Thank you very much, Auditor General, and your team.
I'd like to focus, if I may, on your special message to us. This doesn't happen very often, thank goodness. I've only seen it once or twice in my 12 or 13 years here. I want to set it up by reading the opening paragraph. Keep in mind that this is the process by which the Auditor General brings problems. If there are problems at all in terms of his work, this is how it's done. It's a message to us, and then it's in our lap.
Chair, the opening paragraph of this message is as follows:
I have prepared this message to inform the House of Commons—as subsection 7(1)(b) of the Auditor General Act instructs me to do—that we did not receive all the information we needed for two of the audits we presented as part of the spring 2017 reports of the Auditor General to the Parliament of Canada.
Further on, it says:
In both cases, Finance Canada confirmed the existence of the information we requested. However, as the Department considered this information to be confidential to Cabinet, it determined that it could not provide the information to our auditors.

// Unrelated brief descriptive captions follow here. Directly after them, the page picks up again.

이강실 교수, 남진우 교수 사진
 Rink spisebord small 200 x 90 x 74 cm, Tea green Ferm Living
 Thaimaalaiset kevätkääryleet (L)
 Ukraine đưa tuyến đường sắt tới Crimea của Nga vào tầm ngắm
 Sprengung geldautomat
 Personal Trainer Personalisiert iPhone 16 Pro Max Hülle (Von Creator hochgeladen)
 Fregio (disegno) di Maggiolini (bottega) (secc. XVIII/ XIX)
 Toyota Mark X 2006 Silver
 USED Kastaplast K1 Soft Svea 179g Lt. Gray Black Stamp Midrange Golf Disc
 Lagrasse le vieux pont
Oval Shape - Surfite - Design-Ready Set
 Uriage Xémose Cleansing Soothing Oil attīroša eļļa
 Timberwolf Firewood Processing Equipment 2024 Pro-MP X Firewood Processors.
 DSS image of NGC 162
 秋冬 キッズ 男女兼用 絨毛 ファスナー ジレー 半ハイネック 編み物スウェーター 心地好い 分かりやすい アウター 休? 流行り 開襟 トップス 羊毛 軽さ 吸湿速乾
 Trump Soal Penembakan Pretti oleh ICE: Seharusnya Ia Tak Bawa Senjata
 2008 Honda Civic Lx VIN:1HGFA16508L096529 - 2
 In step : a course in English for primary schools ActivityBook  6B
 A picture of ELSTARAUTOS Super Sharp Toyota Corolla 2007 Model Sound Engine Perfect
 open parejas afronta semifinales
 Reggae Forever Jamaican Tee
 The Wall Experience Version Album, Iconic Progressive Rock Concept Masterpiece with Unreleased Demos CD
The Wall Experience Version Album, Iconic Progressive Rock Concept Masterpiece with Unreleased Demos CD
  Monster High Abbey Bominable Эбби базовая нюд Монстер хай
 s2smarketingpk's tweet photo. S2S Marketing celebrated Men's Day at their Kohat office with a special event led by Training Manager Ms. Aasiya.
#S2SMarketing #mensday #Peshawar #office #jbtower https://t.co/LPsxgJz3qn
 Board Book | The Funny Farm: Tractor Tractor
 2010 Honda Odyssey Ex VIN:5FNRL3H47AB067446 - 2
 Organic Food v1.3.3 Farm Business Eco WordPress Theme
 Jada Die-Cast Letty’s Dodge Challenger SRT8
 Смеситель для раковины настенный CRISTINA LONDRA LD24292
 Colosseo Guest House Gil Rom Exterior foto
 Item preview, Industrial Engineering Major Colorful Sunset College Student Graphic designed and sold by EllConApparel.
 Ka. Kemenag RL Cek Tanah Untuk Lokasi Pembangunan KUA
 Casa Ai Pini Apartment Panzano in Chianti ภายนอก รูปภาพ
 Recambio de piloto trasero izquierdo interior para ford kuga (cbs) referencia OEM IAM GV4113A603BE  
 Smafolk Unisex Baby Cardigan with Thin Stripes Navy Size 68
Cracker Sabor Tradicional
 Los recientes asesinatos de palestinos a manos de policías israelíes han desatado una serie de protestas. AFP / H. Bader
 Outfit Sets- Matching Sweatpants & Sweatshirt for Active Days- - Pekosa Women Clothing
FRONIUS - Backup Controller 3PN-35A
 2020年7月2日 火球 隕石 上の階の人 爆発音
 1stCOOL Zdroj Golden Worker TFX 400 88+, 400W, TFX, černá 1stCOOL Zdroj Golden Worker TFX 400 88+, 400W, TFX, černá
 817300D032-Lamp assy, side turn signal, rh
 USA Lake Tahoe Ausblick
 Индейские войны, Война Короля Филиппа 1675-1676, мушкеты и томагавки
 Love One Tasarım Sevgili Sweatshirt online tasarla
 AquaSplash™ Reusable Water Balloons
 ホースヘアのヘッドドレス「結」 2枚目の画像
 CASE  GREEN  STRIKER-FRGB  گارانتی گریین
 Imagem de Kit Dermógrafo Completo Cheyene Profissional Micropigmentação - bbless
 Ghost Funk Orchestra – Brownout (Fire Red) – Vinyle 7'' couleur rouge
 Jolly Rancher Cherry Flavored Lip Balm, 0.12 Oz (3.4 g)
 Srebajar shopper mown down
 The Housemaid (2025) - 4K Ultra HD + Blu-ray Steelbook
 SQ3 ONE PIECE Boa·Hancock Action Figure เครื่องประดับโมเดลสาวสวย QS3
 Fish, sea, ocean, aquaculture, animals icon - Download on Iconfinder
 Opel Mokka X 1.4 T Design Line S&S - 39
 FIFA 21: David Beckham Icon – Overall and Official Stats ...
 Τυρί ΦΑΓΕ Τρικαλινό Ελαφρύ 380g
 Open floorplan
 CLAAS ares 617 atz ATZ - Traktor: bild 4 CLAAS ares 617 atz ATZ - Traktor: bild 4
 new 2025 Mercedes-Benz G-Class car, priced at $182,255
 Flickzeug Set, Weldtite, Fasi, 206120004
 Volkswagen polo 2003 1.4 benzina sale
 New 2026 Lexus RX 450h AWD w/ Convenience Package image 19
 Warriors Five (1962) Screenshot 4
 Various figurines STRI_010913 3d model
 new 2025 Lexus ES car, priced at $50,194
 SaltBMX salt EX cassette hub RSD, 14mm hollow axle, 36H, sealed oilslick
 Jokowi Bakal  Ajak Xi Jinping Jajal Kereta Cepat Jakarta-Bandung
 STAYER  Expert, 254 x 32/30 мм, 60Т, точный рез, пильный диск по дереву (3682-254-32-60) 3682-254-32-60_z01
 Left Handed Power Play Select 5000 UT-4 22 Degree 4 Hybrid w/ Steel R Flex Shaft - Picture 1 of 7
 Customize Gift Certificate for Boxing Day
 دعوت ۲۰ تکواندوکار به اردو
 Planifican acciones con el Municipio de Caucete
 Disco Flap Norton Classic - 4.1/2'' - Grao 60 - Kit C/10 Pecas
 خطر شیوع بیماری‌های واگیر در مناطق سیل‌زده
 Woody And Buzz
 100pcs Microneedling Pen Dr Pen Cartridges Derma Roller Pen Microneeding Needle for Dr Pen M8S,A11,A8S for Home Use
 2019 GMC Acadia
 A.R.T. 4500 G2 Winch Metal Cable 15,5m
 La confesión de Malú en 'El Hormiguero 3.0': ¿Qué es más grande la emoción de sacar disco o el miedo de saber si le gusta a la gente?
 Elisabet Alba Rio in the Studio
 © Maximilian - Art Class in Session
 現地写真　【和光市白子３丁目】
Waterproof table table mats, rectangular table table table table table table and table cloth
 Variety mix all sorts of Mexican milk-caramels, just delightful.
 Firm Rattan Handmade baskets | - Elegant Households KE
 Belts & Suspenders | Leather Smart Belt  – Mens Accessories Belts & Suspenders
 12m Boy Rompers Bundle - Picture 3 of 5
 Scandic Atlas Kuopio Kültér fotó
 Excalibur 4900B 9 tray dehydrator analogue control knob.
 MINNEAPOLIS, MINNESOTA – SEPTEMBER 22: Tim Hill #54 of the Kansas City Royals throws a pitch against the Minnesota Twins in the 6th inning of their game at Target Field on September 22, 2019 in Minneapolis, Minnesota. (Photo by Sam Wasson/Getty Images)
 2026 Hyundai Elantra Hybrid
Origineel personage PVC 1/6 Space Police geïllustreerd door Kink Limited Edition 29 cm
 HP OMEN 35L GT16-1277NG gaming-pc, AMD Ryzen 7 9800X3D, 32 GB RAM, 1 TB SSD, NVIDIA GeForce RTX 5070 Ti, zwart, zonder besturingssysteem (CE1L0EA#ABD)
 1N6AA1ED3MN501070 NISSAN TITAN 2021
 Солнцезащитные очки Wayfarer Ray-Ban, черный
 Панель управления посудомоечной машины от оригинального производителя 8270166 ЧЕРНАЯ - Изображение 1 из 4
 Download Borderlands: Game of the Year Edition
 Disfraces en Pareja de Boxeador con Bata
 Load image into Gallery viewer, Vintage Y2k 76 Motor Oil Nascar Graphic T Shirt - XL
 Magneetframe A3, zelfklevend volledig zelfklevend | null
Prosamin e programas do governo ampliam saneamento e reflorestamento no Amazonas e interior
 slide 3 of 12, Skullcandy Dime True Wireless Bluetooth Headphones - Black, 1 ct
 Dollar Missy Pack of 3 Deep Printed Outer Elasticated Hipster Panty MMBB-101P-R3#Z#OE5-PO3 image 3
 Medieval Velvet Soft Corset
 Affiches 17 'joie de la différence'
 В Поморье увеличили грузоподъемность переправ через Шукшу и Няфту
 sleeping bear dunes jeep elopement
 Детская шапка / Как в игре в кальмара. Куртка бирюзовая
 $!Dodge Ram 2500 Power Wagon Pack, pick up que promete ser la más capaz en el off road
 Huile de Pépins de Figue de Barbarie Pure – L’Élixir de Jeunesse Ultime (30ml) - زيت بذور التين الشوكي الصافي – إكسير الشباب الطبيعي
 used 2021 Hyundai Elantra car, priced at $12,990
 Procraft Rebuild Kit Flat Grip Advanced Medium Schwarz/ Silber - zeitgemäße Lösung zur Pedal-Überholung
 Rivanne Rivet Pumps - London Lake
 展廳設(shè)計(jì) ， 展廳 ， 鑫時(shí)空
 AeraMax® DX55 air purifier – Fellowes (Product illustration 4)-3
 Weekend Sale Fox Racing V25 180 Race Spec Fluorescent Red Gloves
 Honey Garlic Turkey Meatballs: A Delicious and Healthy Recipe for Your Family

We understand clearly that there are certain things that are exempt from your reach. That's cabinet confidentiality, where there's advice to ministers, recommendations to the government, and anything pertaining to the debate that takes place. That's confidential, and it should remain so. However, all the information—analysis, reports, any kinds of submissions that feed into that recommendation—is all fair game, because it's just analysis. Oftentimes what the Auditor General needs to do is to confirm that it was done, which is the case here.
As I understand this, and it gets a little complicated, you, Auditor General, were denied the information initially, and—my words—the current government was brought kicking and screaming, to the point where they finally passed an order in council that released the information as far back as the beginning of this government.
Number one, a severe crack on the wrist for having to be forced to do what they should have done by law, but an acknowledgement that they did do the right thing at the end of the day and that the immediate problem is solved.
However, Chair, we still have two problems, as I see it. One is that there's more information needed. This audit is not concluded. It remains unfinished business because the Auditor General could not get the information.
The government, again kicking and screaming, has brought us as far back as when they took power. We don't have that information going farther back, and apparently it's the Clerk of the Privy Council or someone in a senior bureaucratic position who has the responsibility to protect the things that need to be kept confidential from previous governments. We have sorted it out with the current government, but not with the previous.
I'll ask, but I don't think you yet have a definitive legal answer for us. We may end up calling in the parliamentary law clerk. As far as I'm concerned, the right of Parliament to demand papers, documents, and persons is absolute. It seems to me that if Parliament says we want that document, there's a way to get it, especially since it's not captured by cabinet confidentiality.
We need to find a way to force that document into the light of day, as the law commands that it should. However, we also need to be riding shotgun and putting pressure on the Privy Council to live up to their word to not just do the order in council change—I don't have time to get into the details—but the other thing the Auditor General wants going forward is based on a first principles approach. It's not every document listed as it comes along, but rather a set of principles that says these are the types of documents you can access. That will remove a lot of this.
I didn't leave a lot of time, but are there any thoughts that you have on that, Auditor General, especially correcting me if I have any of my understandings wrong?